**EXERCISE GOAL**
Lines outside the range are not wanted. Give again exactly the lines between the line holding "Foxes Feeding at Night" and the line holding "دهنه اسب|اسب و", inclusive, from the listing below.

**PROVIDED ENTRIES**
┌──

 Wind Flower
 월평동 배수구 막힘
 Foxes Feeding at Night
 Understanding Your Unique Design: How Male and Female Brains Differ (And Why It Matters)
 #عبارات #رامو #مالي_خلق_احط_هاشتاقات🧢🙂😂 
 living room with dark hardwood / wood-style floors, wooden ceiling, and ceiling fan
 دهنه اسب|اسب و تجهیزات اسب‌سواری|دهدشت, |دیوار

└──
┌──

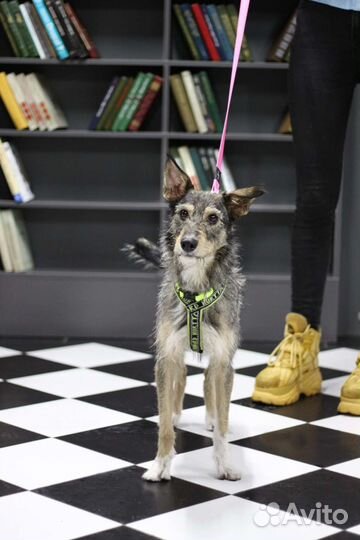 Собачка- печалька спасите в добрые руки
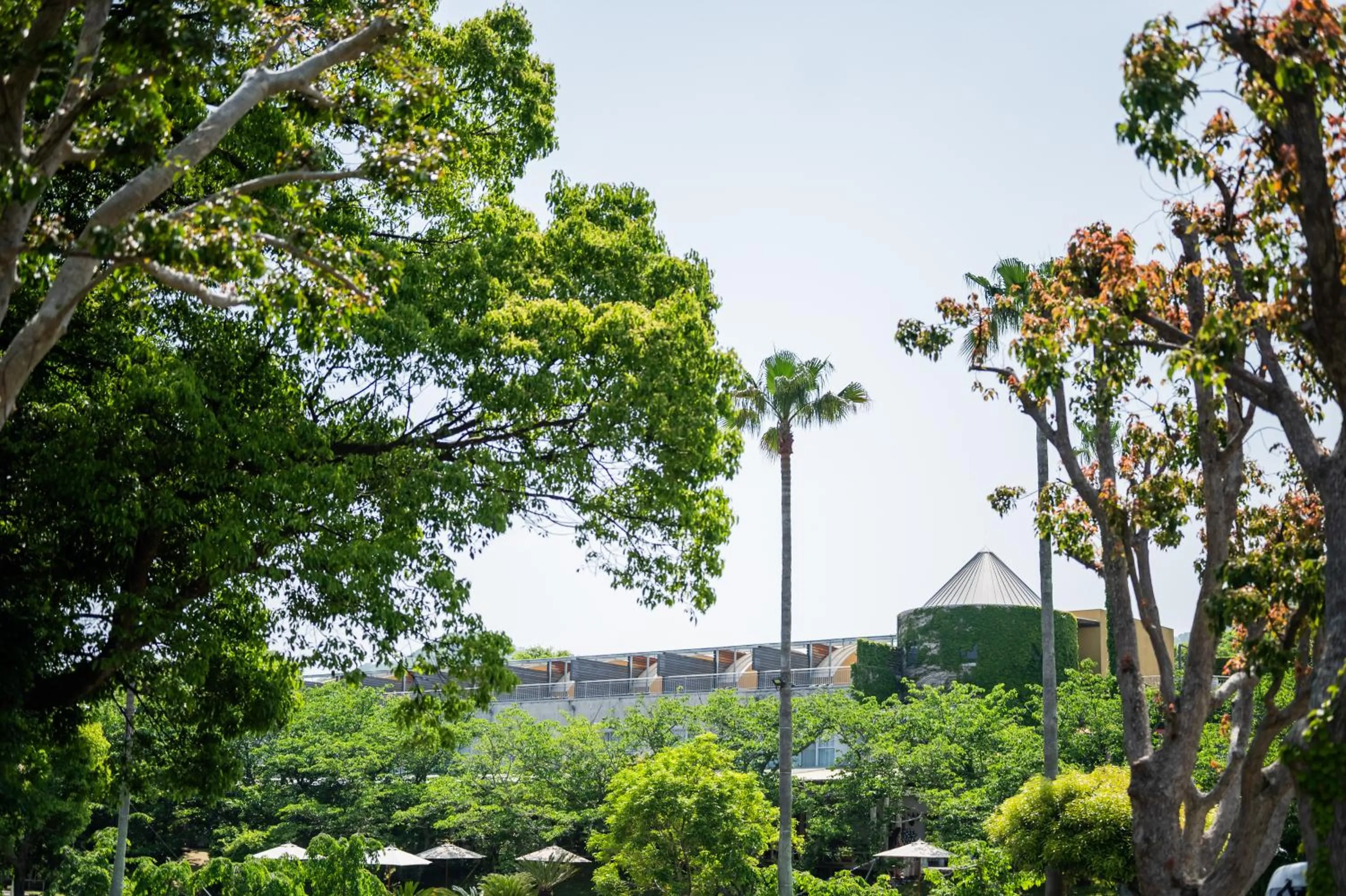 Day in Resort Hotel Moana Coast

└──
┌──

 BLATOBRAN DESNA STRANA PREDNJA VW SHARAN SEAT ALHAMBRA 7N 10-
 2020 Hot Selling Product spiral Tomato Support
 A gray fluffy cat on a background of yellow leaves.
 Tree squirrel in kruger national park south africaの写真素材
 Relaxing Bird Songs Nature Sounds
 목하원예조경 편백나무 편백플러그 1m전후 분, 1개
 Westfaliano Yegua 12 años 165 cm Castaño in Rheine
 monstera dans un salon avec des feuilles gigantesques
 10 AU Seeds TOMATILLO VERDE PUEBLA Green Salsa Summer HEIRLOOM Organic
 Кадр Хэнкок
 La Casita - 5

└──

**ANSWER BOX**
 Foxes Feeding at Night
 Understanding Your Unique Design: How Male and Female Brains Differ (And Why It Matters)
 #عبارات #رامو #مالي_خلق_احط_هاشتاقات🧢🙂😂 
 living room with dark hardwood / wood-style floors, wooden ceiling, and ceiling fan
 دهنه اسب|اسب و تجهیزات اسب‌سواری|دهدشت, |دیوار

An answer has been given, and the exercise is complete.